Web page caption snippets
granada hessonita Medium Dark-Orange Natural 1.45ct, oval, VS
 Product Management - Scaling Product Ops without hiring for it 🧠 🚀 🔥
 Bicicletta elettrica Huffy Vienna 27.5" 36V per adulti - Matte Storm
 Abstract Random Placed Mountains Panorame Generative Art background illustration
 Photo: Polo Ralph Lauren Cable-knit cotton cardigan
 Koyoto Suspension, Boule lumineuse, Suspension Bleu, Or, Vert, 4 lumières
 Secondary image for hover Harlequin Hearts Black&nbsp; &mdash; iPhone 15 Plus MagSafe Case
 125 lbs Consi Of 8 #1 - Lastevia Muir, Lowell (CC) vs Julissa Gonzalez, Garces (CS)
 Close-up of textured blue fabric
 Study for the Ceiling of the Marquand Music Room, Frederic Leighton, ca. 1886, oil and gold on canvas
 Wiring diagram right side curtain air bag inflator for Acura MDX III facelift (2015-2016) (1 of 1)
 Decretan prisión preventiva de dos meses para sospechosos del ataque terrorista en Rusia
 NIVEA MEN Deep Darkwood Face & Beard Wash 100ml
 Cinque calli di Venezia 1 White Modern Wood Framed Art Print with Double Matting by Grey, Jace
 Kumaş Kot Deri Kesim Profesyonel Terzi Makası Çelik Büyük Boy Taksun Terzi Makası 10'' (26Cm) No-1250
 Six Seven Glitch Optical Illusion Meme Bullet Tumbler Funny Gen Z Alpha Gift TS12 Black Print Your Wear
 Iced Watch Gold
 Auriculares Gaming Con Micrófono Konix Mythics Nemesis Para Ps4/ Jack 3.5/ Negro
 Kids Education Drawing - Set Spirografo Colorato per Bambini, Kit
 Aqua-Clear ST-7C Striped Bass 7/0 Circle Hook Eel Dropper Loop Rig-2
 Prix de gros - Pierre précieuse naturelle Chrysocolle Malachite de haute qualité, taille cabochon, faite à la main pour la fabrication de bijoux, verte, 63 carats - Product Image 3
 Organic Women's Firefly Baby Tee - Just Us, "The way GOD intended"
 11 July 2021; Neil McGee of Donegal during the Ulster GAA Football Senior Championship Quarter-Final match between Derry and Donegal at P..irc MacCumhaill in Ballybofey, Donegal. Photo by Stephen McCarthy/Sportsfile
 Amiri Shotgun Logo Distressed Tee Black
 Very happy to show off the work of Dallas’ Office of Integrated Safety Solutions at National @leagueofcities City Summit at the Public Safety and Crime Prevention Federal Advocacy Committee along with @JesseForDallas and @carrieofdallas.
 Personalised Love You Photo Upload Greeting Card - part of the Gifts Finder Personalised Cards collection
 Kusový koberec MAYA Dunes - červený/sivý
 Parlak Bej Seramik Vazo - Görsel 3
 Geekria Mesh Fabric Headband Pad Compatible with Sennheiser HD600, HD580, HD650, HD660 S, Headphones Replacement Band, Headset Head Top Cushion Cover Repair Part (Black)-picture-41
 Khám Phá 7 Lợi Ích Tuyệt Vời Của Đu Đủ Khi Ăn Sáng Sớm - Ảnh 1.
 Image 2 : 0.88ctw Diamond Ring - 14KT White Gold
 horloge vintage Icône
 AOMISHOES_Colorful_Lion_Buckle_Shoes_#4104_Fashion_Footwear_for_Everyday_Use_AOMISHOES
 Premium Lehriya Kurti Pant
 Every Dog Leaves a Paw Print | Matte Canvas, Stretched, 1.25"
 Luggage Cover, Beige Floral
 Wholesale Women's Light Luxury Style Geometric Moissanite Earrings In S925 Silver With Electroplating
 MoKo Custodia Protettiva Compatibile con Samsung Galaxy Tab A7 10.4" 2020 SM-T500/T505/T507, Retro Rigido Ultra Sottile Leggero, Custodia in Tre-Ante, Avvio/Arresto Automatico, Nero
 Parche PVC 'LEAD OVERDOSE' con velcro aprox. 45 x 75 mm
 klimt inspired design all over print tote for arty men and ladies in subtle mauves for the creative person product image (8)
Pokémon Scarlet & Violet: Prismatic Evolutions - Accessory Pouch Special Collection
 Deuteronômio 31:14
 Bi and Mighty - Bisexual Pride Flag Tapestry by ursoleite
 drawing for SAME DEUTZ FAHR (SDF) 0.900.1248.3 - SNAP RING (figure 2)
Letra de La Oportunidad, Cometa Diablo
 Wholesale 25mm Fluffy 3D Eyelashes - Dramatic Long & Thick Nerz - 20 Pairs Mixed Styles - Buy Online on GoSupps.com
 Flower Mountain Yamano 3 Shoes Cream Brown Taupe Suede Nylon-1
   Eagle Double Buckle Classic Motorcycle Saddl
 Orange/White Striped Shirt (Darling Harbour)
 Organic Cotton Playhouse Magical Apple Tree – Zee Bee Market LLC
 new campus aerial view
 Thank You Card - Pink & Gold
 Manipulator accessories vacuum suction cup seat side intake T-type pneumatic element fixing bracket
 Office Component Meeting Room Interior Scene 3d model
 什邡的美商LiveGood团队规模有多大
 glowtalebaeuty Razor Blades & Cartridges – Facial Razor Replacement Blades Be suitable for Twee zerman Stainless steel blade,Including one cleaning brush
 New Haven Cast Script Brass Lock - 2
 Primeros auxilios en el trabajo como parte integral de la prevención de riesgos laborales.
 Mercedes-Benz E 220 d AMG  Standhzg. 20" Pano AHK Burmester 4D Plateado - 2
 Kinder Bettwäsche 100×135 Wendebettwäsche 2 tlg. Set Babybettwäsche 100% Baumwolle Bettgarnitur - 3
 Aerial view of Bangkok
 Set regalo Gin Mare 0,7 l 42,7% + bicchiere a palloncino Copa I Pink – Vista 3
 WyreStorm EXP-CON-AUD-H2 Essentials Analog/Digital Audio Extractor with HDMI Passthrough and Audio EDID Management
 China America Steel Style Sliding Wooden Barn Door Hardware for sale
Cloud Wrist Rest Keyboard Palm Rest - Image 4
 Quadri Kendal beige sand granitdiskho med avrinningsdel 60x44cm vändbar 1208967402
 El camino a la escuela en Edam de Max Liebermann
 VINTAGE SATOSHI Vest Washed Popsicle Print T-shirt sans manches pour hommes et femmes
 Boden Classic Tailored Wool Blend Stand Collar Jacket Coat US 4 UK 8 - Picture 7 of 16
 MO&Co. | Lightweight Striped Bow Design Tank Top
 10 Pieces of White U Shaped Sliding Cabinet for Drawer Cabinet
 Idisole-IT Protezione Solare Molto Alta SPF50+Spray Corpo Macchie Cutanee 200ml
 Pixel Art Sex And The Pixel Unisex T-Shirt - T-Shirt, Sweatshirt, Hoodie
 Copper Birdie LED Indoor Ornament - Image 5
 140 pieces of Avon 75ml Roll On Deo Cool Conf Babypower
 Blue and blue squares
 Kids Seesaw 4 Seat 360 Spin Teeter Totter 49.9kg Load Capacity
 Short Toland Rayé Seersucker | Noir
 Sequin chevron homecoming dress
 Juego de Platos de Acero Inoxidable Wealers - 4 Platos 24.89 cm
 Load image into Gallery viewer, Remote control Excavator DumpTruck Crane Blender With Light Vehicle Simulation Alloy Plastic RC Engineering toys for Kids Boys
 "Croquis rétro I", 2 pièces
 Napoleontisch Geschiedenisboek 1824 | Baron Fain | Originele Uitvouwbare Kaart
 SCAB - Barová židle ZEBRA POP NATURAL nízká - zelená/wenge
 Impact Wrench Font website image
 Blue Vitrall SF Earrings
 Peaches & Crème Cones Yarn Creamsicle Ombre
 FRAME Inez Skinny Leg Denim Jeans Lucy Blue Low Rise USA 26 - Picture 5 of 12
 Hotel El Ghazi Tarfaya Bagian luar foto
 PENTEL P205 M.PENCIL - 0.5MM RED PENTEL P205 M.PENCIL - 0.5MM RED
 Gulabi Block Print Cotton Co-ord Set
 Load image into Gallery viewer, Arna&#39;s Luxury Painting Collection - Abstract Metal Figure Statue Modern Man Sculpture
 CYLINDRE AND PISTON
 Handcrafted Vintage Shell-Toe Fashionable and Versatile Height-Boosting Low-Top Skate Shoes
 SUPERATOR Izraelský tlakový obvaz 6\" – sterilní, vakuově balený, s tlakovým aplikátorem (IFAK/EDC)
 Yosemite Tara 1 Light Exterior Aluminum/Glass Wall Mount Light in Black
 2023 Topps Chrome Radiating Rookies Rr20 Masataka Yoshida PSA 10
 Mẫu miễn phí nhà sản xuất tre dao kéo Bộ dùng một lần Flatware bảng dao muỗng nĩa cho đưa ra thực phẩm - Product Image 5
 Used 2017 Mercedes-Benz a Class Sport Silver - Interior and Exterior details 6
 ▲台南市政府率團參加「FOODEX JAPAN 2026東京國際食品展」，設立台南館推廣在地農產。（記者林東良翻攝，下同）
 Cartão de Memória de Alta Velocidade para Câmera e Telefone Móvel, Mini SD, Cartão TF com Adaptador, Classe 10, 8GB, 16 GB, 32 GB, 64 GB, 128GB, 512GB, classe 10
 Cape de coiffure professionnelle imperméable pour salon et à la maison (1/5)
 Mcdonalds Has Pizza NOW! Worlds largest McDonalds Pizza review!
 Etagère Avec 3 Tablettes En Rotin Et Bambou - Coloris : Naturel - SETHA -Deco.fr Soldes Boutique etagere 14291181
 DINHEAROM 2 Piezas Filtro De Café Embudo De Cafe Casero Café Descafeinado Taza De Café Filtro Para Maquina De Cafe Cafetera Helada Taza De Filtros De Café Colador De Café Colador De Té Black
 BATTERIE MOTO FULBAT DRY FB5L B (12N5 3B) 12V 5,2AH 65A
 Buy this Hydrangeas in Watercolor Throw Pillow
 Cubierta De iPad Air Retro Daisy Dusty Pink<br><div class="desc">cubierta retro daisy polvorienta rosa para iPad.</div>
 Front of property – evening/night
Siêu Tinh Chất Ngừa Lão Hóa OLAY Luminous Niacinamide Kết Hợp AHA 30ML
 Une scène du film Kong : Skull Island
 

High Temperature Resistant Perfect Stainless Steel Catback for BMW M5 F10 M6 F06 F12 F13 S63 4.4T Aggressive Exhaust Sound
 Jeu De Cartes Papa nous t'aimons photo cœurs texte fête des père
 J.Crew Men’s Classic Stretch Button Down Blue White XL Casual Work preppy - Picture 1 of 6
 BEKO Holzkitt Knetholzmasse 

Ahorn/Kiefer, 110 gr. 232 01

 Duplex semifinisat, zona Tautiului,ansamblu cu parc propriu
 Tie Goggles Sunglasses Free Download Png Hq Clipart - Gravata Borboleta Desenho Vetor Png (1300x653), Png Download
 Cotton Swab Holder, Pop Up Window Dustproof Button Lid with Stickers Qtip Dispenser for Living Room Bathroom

» **What is needed**: Write out the records above exactly, from the opening line to the line with "Photo: Polo Ralph", including both, with nothing added.

» **Written answer**:
granada hessonita Medium Dark-Orange Natural 1.45ct, oval, VS
 Product Management - Scaling Product Ops without hiring for it 🧠 🚀 🔥
 Bicicletta elettrica Huffy Vienna 27.5" 36V per adulti - Matte Storm
 Abstract Random Placed Mountains Panorame Generative Art background illustration
 Photo: Polo Ralph Lauren Cable-knit cotton cardigan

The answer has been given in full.